Post # 1
So this is my situation. My best friend of over 6 years has decided to be a D-bag and let me know via text that she doesnt want to be friends anymore.
There is a big back story to this but now im left with no maid-of-honor (I skipped bridesmaids btw).
I have a friend who I would ask but I feel like it would be super rude to ask her to step in and im slightly nervious/anxious she will say no or not want to do it.
I also told her the story about what happened and shes shocked and confused just as much as I am about the situation (my xfriend also had been ponning my bachlorette party off on my other friend – so she basically was doing everything anyways)
But if you were me or you were my other friend what would you do?
Post # 3
@Seafoamsarah: Your poll and post questions were different so I am going to just answer each seperately.
Poll Question: What would I do?
I would say F it and go solo. I would feel like it would like calling my other friend second best. I would feel like she would think she wasn’t “good enough” to be my MoH in the first rounds of picking, so now that I need her, she would be my “filler”. Another body to be in pictures. I would feel just awful about it and would feel like I wouldn’t want to hurt her feelings or offend her, so I would go solo.
Post Question: If I were you or your friend what would I do?
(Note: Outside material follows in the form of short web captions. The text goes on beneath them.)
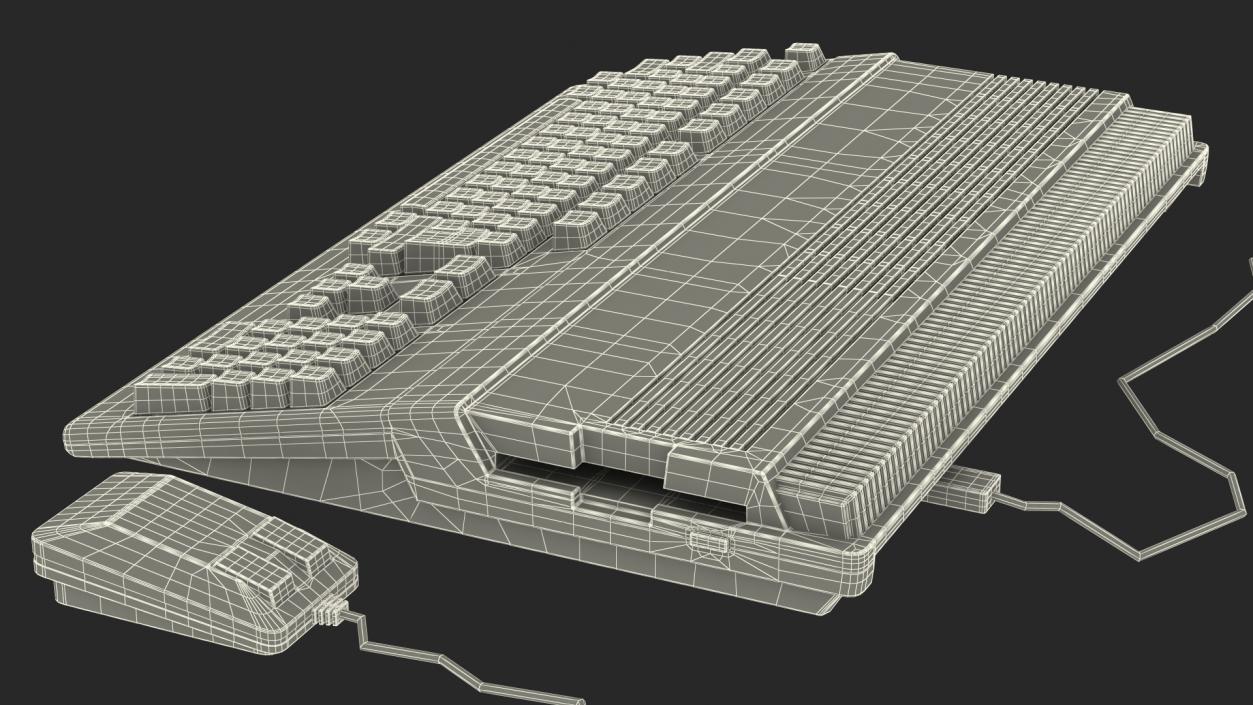 3D Amiga 500 Home Computer Old Keyboard
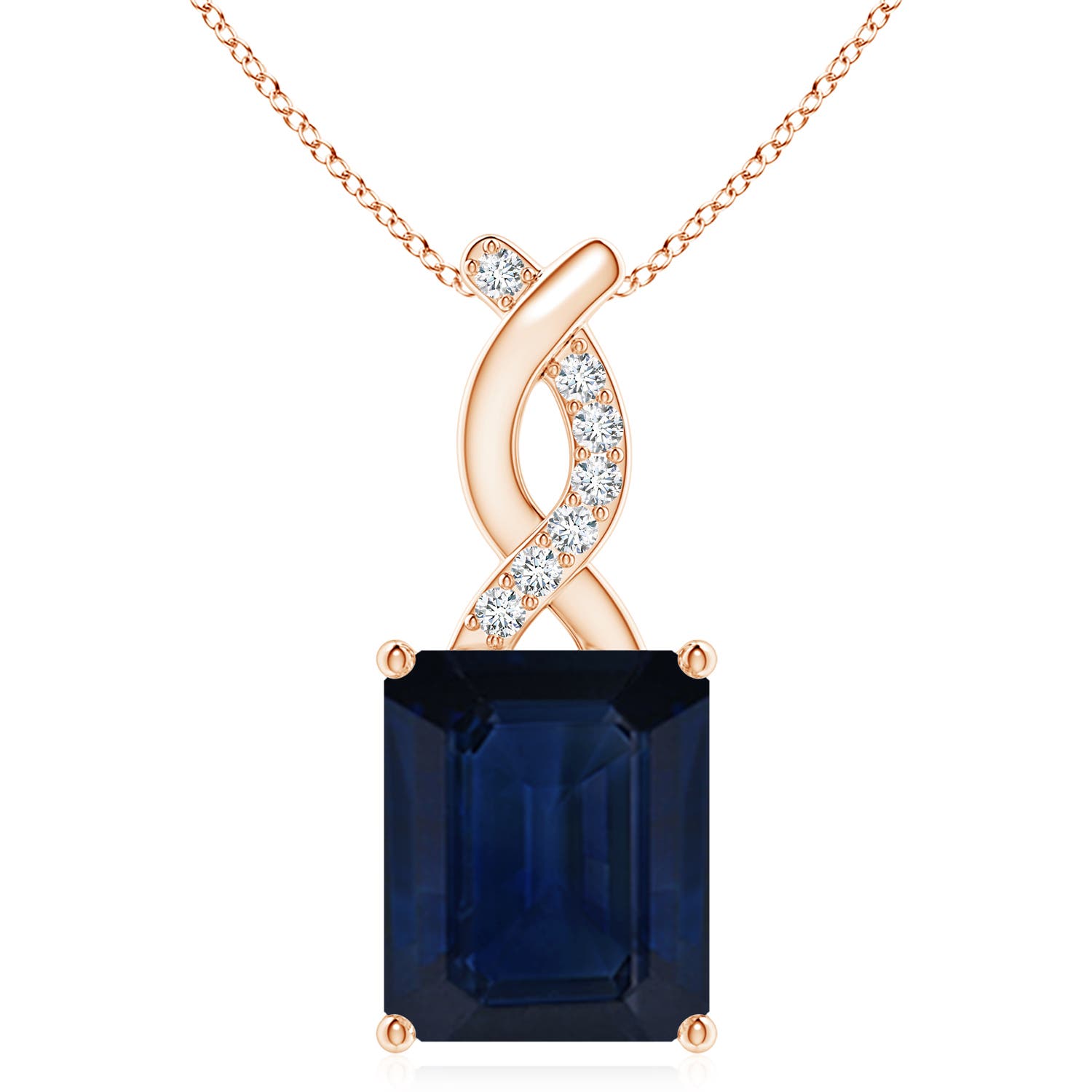 AA - Blue Sapphire / 5.58 CT / 14 KT Rose Gold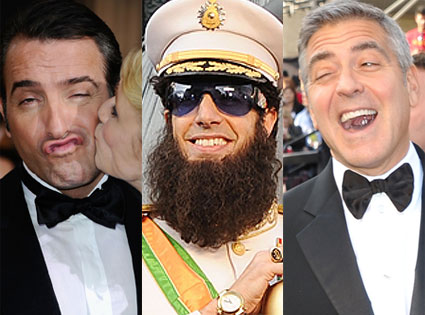 Jean Dujardin, The Dictator, George Clooney Jean Dujardin, The Dictator, George Clooney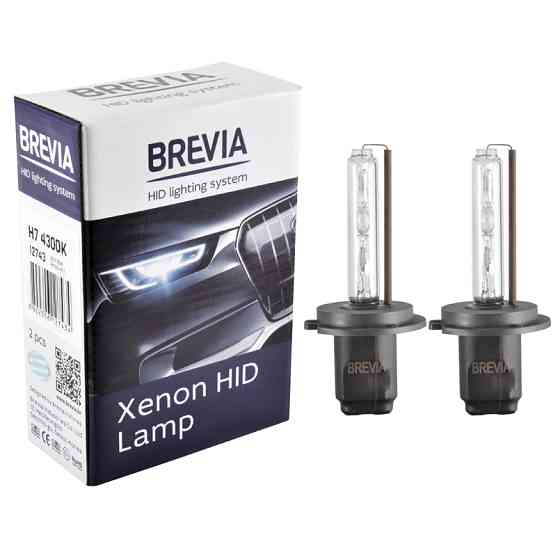 Ксенонова лампа Brevia H7 4300K, 85V, 35W PX26d KET, 2шт Львів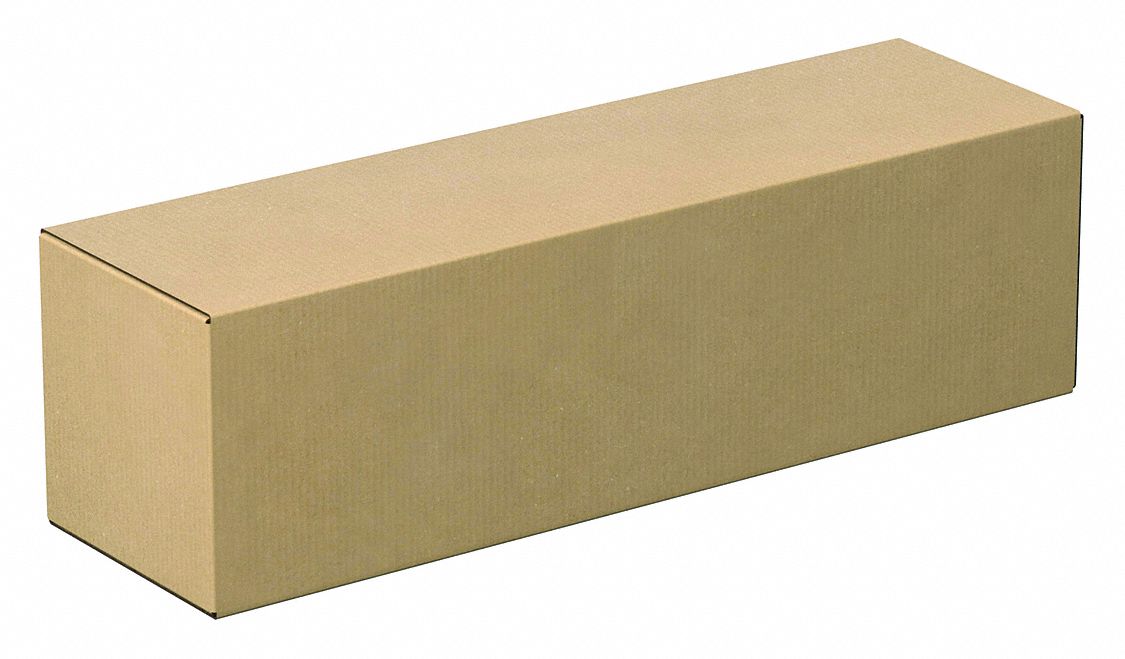 Shipping Box: 28 in Inside Lg, 8 in Inside Wd, 8 in Inside Ht, 32 ECT - Long, Single Wall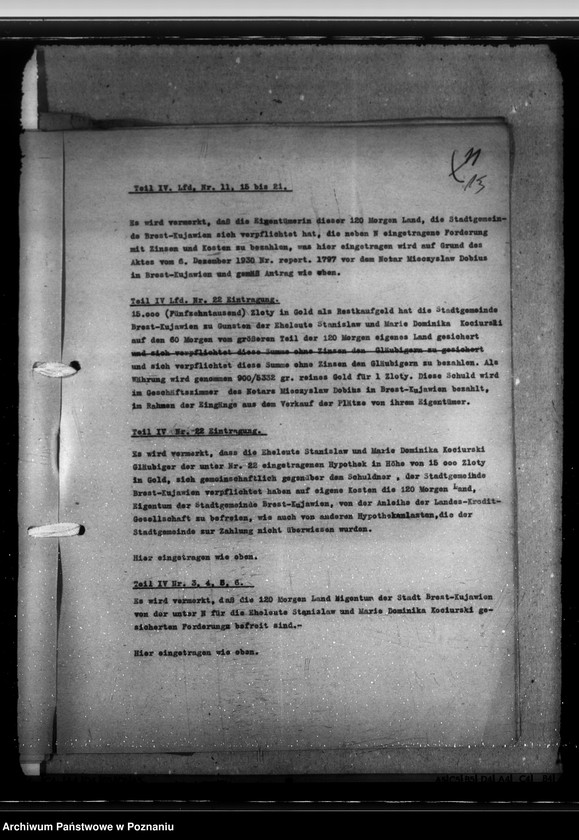 Obraz 19 z jednostki "Eigentumrechte an Ländereien der St. Brest, Landkreis Leslau (Włocławek)"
(Answered the first part above)
As for the second part, I would not feel like I assumed the me in the above post would. I would have understood that this girl was your best friend for 6 years, and since you were ONLY having a MoH, I could see why she would be your only choice. Obviously I want to be a part of your wedding (MoH or not) so I’ve been there for you. Now, however, since it turns out your other friend was a flake, I would feel happy that you consider me a good enough friend to ask to be your MoH.
So yup, I am sure that doesn’t help at all, but bride-me and non-bride-me are two very different people it seems.
Post # 4
@Seafoamsarah: If it was me, I would be honoured to be asked to be replacement MOH. She sounds like a good friend – she’s doing the bachelorette anyway, and has been there for your when you ex-friend dropped you.
Post # 5
- Wedding: July 2014 - Prague
I would definitely not wait around for your original MOH to come to her senses.
I’d ask the friend who was already doing all the work anyway. Why would she say no?
Post # 6
I think I will ask her but now I’m thinking of how I should do it ? Any awesome ideas ?
Post # 7
@Seafoamsarah: I would just take her out to lunch and tell her how much you appreciate her love and support. There’s no way around her being the second choice, but just make sure she knows that you don’t see her that way.